Hubo un tiempo, si confiamos en viejas crónicas y leyendas, en que los humanos soñaban universos de certidumbres. E, impulsados por la voluntad de saber se entregaban a la ardua tarea de nombrar y al frenesí de definir mundos cerrados de dioses, hombres y cosas. Eran épocas de soledades cruzadas, de héroes y redentores. Era aquel un mundo que vigilaba con sospecha la aparición de la divergencia, en donde relegaban violentamente al diferente, a aquél que se interponía en su sueño de perpetua opacidad. Y desde su soberbia mirada lo designaban como el otro, aquel que hería su imagen del universo sin quererlo. Se trataba del idiota, el individuo que padecía, según ellos, de algún tipo de rareza, de anomalía. Una criatura inapelable, enigmática, raramente concebible por aquellos que vivían en los apretados territorios de lo previsible. Ese otro les resultaba indescifrable, extraño, porque su ajada visión, les impedía compartir y confrontar la inescrutable mirada del idiota.

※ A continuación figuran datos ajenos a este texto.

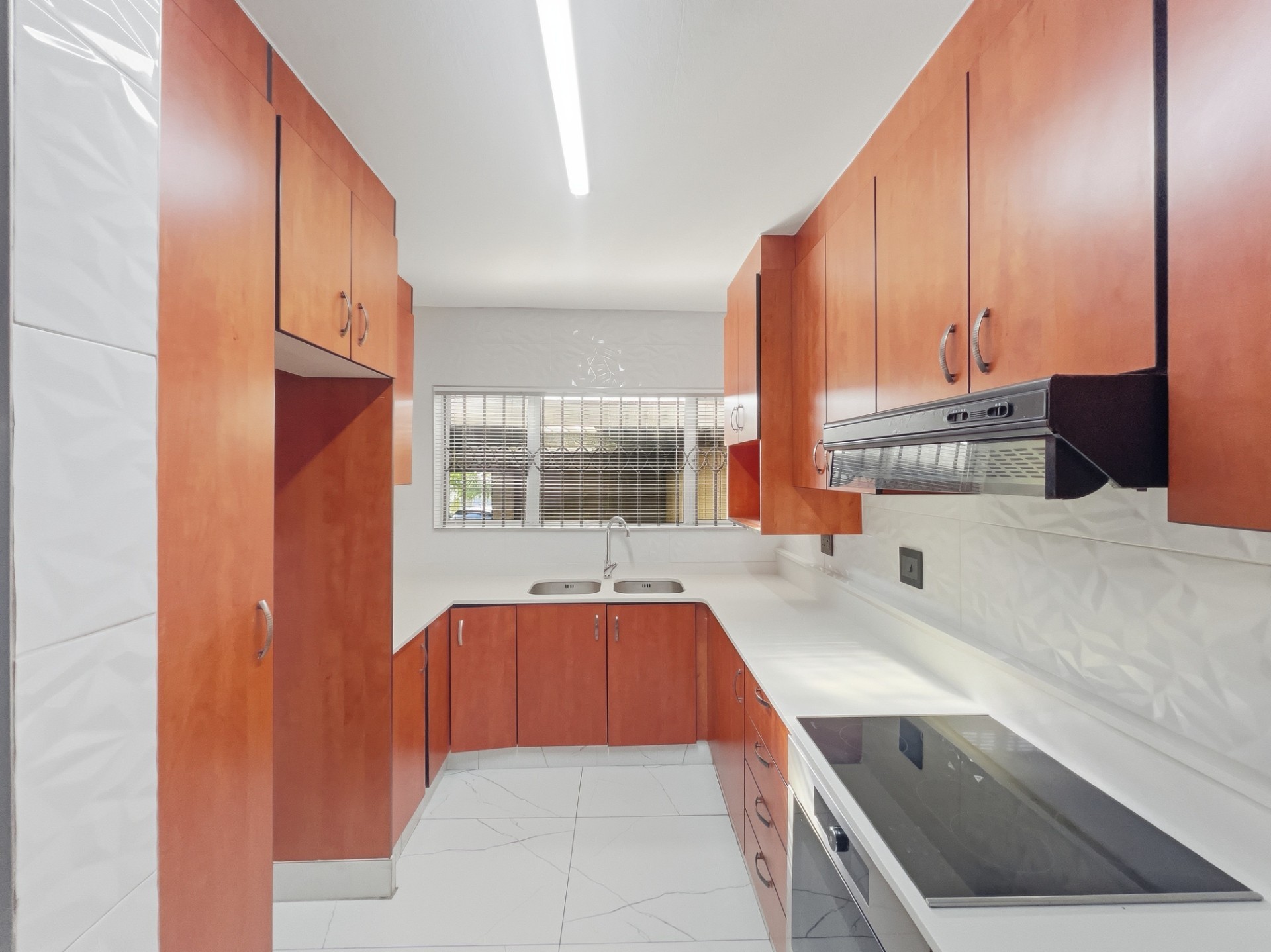 3 Bedroom Townhouse For Sale in Bluff, Durban, KwaZulu-Natal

Más de uno ha querido indagar en el idiota, ese inasible humano al que han provisto de distintos sentidos. S. Brant se sirve de un hecho dramático (el embarque de locos con el que las autoridades se libraban en el medioevo de estos molestos vecinos) para explicar la normalidad como una forma de necedad o estulticia. Es la interpretación que encontramos en esos siglos, entre otros, en Erasmo y El Bosco. En La nave de los locos viajaría el necio gregario, ese que aparentemente no está solo: «tiene hermanos mayores y pequeños, existen por doquier, pues sin fin es el número de necios. Viajan por todos los países, en un viaje sin final, y nadie presta atención a la sabiduría. Además tienen muchos compañeros, muchos satélites y cortesanos que van siempre detrás de la corte de los poderosos. Pero al final entran en la nave y viajan todos juntos buscando su beneficio. Y de este modo hacen un preocupante viaje, pues nadie cuida, mira ni atiende las cartas, al compás marino o al curso del reloj de arena».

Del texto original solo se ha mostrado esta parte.